____ MATERIAL PROVIDED
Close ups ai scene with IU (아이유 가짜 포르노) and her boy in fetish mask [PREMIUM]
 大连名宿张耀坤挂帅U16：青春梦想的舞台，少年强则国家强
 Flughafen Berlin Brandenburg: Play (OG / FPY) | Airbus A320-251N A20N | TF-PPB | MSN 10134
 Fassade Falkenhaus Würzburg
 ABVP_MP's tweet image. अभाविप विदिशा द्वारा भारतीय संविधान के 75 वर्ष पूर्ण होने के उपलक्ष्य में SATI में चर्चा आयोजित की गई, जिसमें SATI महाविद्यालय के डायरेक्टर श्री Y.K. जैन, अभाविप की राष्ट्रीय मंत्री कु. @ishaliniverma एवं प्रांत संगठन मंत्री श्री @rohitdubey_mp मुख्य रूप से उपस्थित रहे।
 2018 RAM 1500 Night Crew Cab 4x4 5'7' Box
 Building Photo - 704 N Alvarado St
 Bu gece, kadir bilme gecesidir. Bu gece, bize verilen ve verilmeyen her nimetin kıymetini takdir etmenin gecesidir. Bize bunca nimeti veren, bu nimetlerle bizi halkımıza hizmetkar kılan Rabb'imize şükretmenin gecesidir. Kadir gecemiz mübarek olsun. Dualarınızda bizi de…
________
WHAT YOU HAVE TO DO:
Print out all of the data above word for word.

RESPONSE BELOW:
Close ups ai scene with IU (아이유 가짜 포르노) and her boy in fetish mask [PREMIUM]
 大连名宿张耀坤挂帅U16：青春梦想的舞台，少年强则国家强
 Flughafen Berlin Brandenburg: Play (OG / FPY) | Airbus A320-251N A20N | TF-PPB | MSN 10134
 Fassade Falkenhaus Würzburg
 ABVP_MP's tweet image. अभाविप विदिशा द्वारा भारतीय संविधान के 75 वर्ष पूर्ण होने के उपलक्ष्य में SATI में चर्चा आयोजित की गई, जिसमें SATI महाविद्यालय के डायरेक्टर श्री Y.K. जैन, अभाविप की राष्ट्रीय मंत्री कु. @ishaliniverma एवं प्रांत संगठन मंत्री श्री @rohitdubey_mp मुख्य रूप से उपस्थित रहे।
 2018 RAM 1500 Night Crew Cab 4x4 5'7' Box
 Building Photo - 704 N Alvarado St
 Bu gece, kadir bilme gecesidir. Bu gece, bize verilen ve verilmeyen her nimetin kıymetini takdir etmenin gecesidir. Bize bunca nimeti veren, bu nimetlerle bizi halkımıza hizmetkar kılan Rabb'imize şükretmenin gecesidir. Kadir gecemiz mübarek olsun. Dualarınızda bizi de…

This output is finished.